Recorded information:
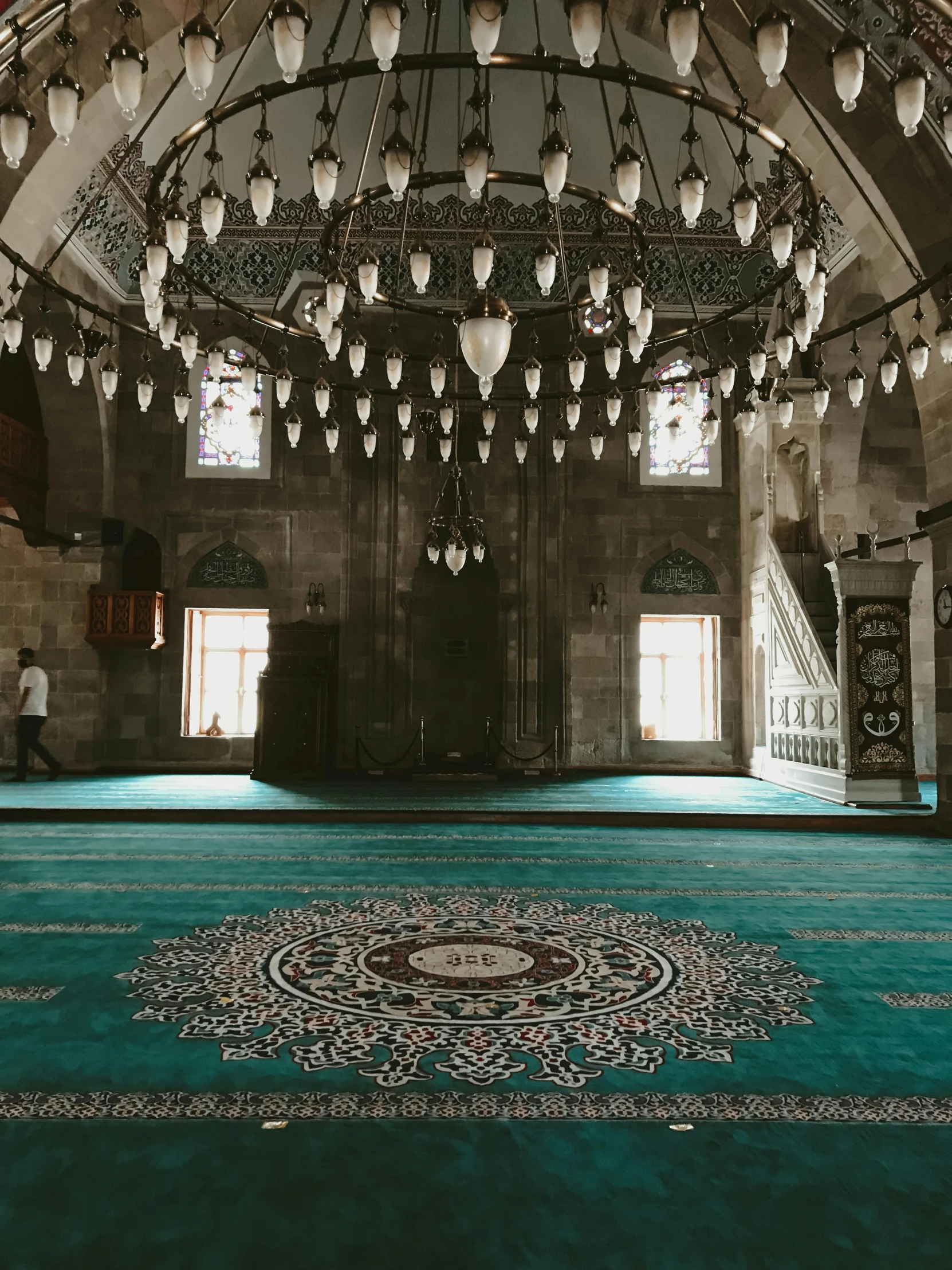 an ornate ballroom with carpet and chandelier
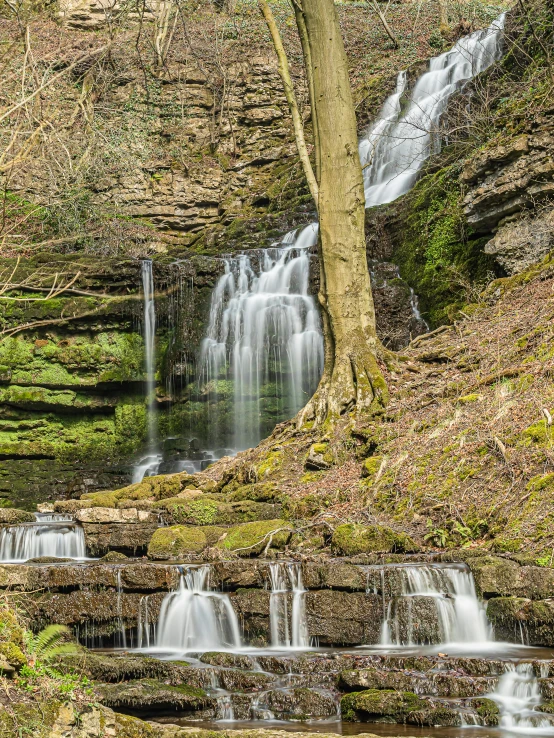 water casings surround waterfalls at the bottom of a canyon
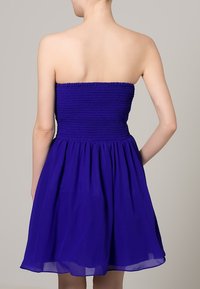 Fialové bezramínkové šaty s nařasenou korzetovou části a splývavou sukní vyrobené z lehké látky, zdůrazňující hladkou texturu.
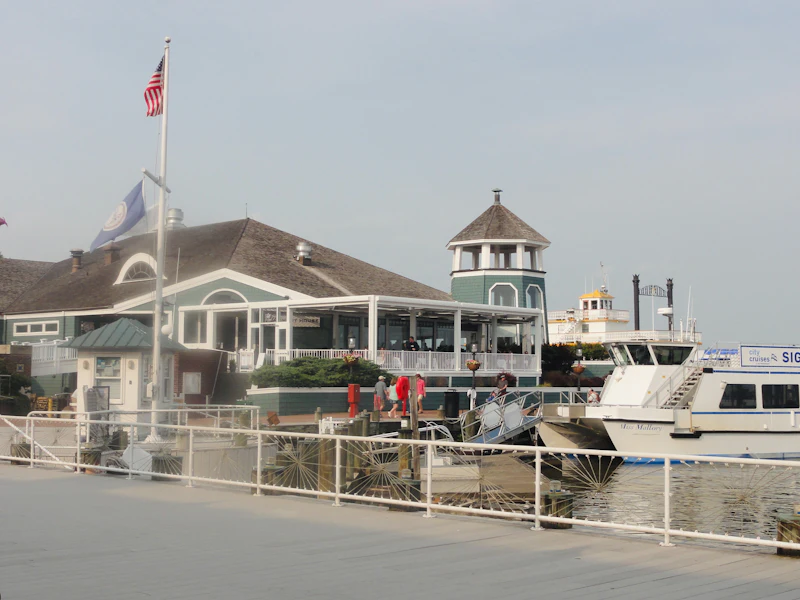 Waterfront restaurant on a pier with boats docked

Activity:
Once the pictures are removed, copy the material above exactly.

Completed task:
 an ornate ballroom with carpet and chandelier
 water casings surround waterfalls at the bottom of a canyon
 Fialové bezramínkové šaty s nařasenou korzetovou části a splývavou sukní vyrobené z lehké látky, zdůrazňující hladkou texturu.
 Waterfront restaurant on a pier with boats docked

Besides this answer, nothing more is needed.